Sunday, October 09, 2005

The Miers Melee

On Monday, President Bush nominated White House counsel Harriet Miers to the Supreme Court to succeed the retiring Justice Sandra Day O'Connor. In the days since then, the debate over whether Miers should be on the bench has erupted. In that debate, the usual front lines have been shifted.

Senate Minority Leader Harry Reid (D-NV) immediately announced his support for Miers though that enthusiastic support was later withdrawn as conservatives have criticized Miers as a nominee.

President Bush has started the campaign to win support for his nominee and has also brought former Republican senator Dan Coats to help Miers through the process. Coats has already made a mistake so far in his job, which provides us with this hilarious excerpt from this New York Times article:

"Ms. Miers's defenders have said she does not have to be a constitutional scholar to sit on the court, a sentiment that Dan Coats, the former Republican senator who has been asked by the White House to shepherd Ms. Miers through the Senate confirmation process, reiterated Friday, his first full day on the job.

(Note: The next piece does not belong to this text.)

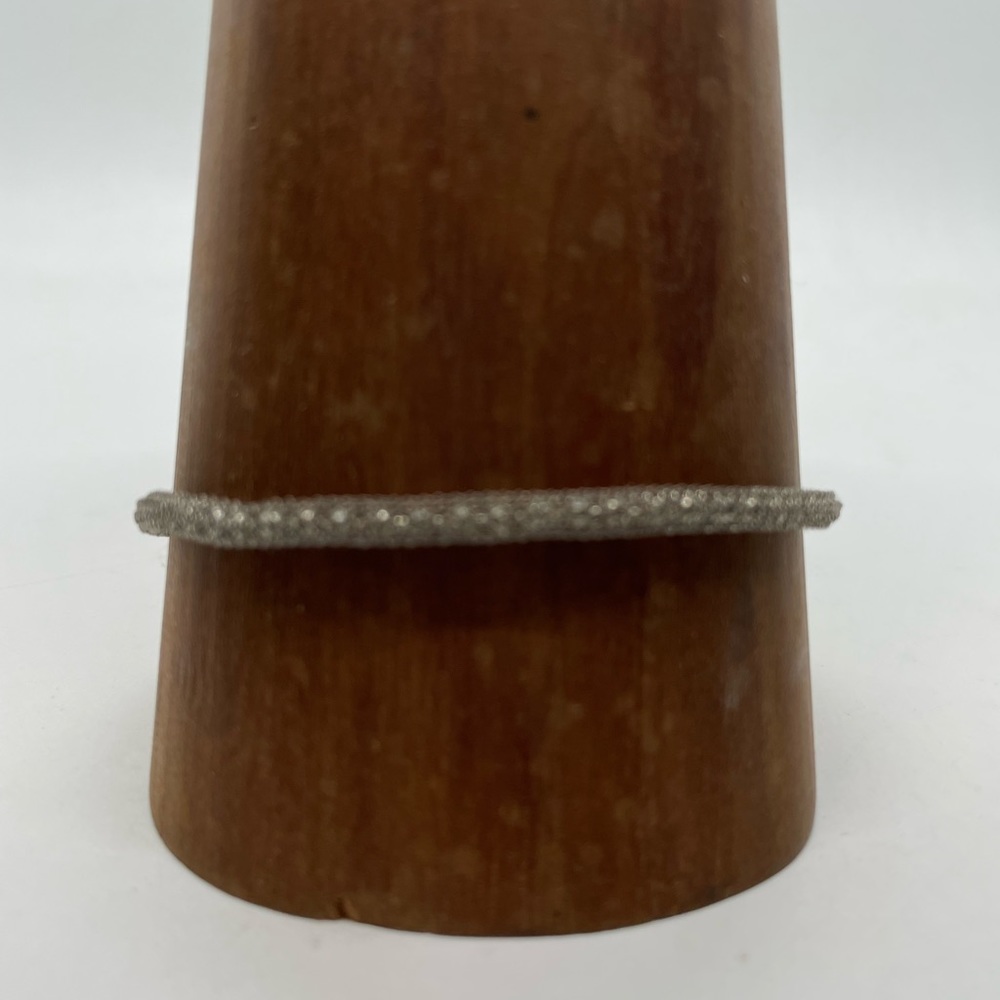 Crystal Bracelet with Magnetic Clasp - Picture 5 of 5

"'If great intellectual powerhouse is a qualification to be a member of the court and represent the American people and the wishes of the American people and to interpret the Constitution, then I think we have a court so skewed on the intellectual side that we may not be getting representation of America as a whole,' Mr. Coats said in a CNN interview."

In addition to that, conservative commentators and other conservative power players have been in open opposition (the Washington Post has used the word "uprising") and has called for the president to withdraw Miers from nomination.

Withdraw Miers from nomination?

What happened to all the calls for "up-or-down" votes? The issue of the spring for conservatives was for nominees to have a confirmation vote on the Senate floor. From Senator Jim Bunning (R-KY) to a petition urging the Senate to give each nominee a vote to an entire website devoted to attacking the Democrats on this issue, Republicans and their allies had used the entire spring to talk about the virtues of an "up-or-down" vote.


The virtues of an "up-or-down" vote don't seem to apply to Harriet Miers.

So why are so many of these people now calling for Miers to never see the Senate floor? Not even for confirmation hearings to find out her stances?

Perhaps those same activists to have the Miers nomination should listen to their own words from only six months ago. Even if they still don't like Miers, they can work to persuade senators to vote not to replace Justice O'Connor with Miers. Yet it seems that all that virtue used in the spring has flown away now that there is a nominee they're don't think is qualified in their views.